"Christians," said Dr. Barlow, "who would strictly keep within the bounds prescribed by their religion, should imitate the ancient Romans, who carefully watched that their god Terminus, who defined their limits, should never recede; the first step of his retreat, they said, would be the destruction of their security."

"But, Doctor," said Sir John, "pray what remedy do you recommend against this natural, I had almost said this invincible, propensity to over-value the world? I do not mean a propensity merely to over-rate its pleasures and its honors, but a disposition to yield to its dominion over the mind, to indulge a too earnest desire of standing well with it, to cherish a too anxious regard for its good opinion?"

"The knowledge of the disease," replied the worthy Doctor, "should precede the application of the remedy. Human applause is, by a worldly man, reckoned not only among the luxuries of life, but among articles of the first necessity. An undue desire to obtain it has certainly its foundation in vanity; and it is one of our grand errors to reckon vanity a trivial fault. An over-estimation of character, and an anxious wish to conciliate all suffrages, is an infirmity from which even worthy men are not exempt; nay, it is a weakness from which, if they are not governed by a strict religious principle, worthy men are in most danger. Reputation being in itself so very desirable a good, those who actually possess it, and in some sense deserve to possess it, are apt to make it their standard, and to rest in it as their supreme aim and end."

"You have," said Sir John, "exposed the latent principle; it remains that you suggest its cure."

"I believe," said Dr. Barlow, "that the most effectual remedy would be, to excite in the mind frequent thoughts of our divine Redeemer, and of his estimate of that world on which we so fondly set our affections, and whose approbation we are too apt to make the chief object of our ambition."

"I allow it to have been necessary," replied Sir John, "that Christ, in the great end which he had to accomplish, should have been poor, and neglected, and contemned, and that he should have trampled on the great things of this world, human applause among the rest; but I do not conceive that this obligation extends to his followers, nor that we are called upon to partake the poverty which he preferred, or to renounce the wealth and grandeur which he set at naught, or to imitate him in making himself of no reputation."

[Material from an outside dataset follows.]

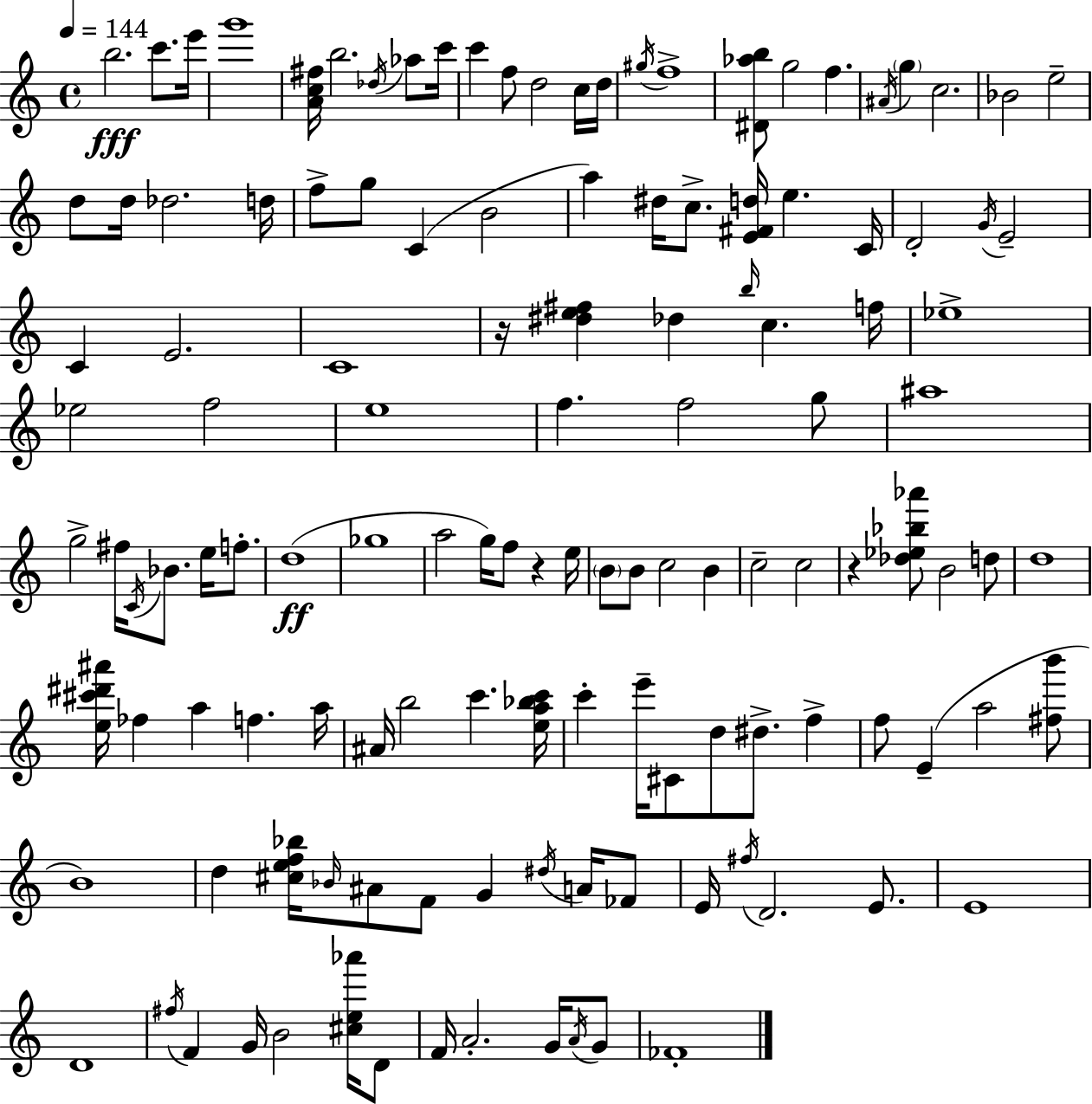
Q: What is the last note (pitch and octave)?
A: FES4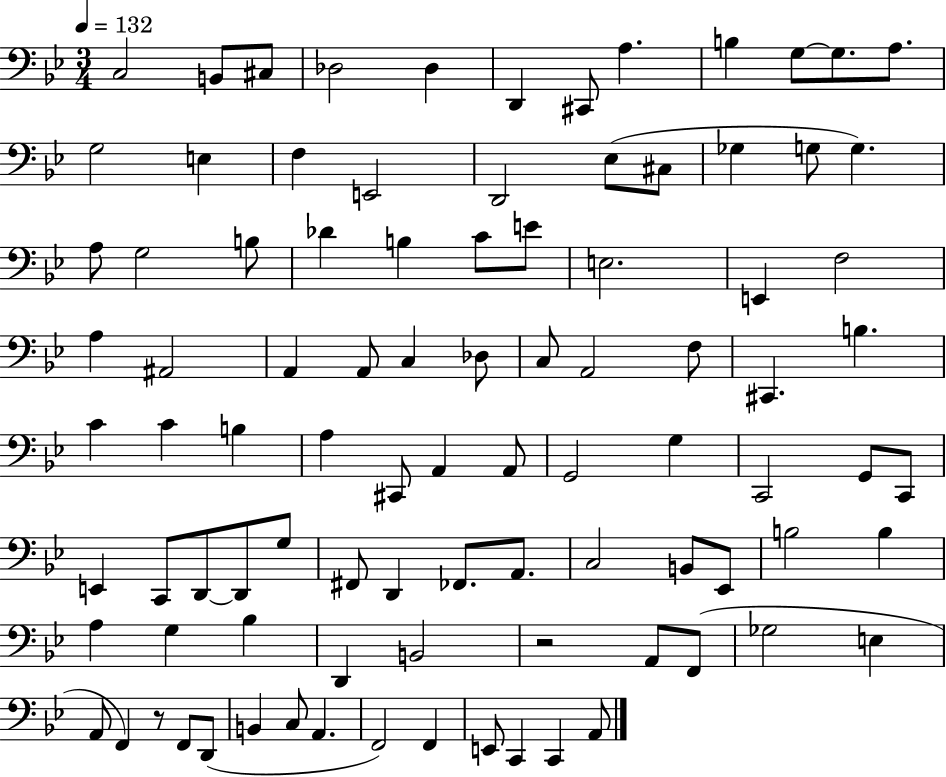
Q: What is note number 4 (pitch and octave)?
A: Db3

"It is true," said the Doctor, "we are not called to resemble him in his external circumstances. It is not our bounden duty to be necessarily exposed to the same contempt; nor are we obliged to embrace the same ignominy. Yet it seems a natural consequence of our Christian profession, that the things which he despised, we should not venerate; the vanities he trampled on, we should not admire; the world which he censured, we ought not to idolize; the ease which he renounced, we should not rate too highly; the fame which he set at naught, we ought not anxiously to covet. Surely, the followers of him who was 'despised and rejected of men' should not seek their highest gratification from the flattery and applause of men. The truth is, in all discourses on this subject, we are compelled continually to revert to the observation, that Christianity is a religion of the heart. And though we are not called upon to partake the poverty and meanness of his situation, yet the precept is clear and direct, respecting the temper by which we should be governed: 'Let the same mind be in you which was also in Christ Jesus.' If, therefore, we happen to possess that wealth and grandeur which he disdained, we should possess them as though we possessed them not. We have a fair and liberal permission to use them as his gift, and to his glory, but not to erect them into the supreme objects of our attachment. In the same manner, in every other point, it is still the spirit of the act, the temper of the mind, to which we are to look. For instance, I do not think that I am obliged to show my faith by sacrificing my son, nor my obedience by selling all that I have, to give to the poor; but I think I am bound by the spirit of these two powerful commands, to practice a cheerful acquiescence in the whole will of God, in suffering and renouncing as well as in doing, when I know what is really his will."


CHAPTER XX.

The pleasant reflections excited by the interesting conversation of the evening were cruelly interrupted by my faithful Edwards. "Sir," said he, when he came to attend me, "do you know that all the talk of the Hall to-night at supper was, that Miss Stanley is going to be married to young Lord Staunton. He is a cousin of Mrs. Carlton's, and Mr. Stanley's coachman brought home the news from thence yesterday. I could not get at the very truth, because Mrs. Comfit was out of the way, but all the servants agree, that though he is a lord, and rich and handsome, he is not half good enough for her. Indeed, sir, they say he is no better than he should be."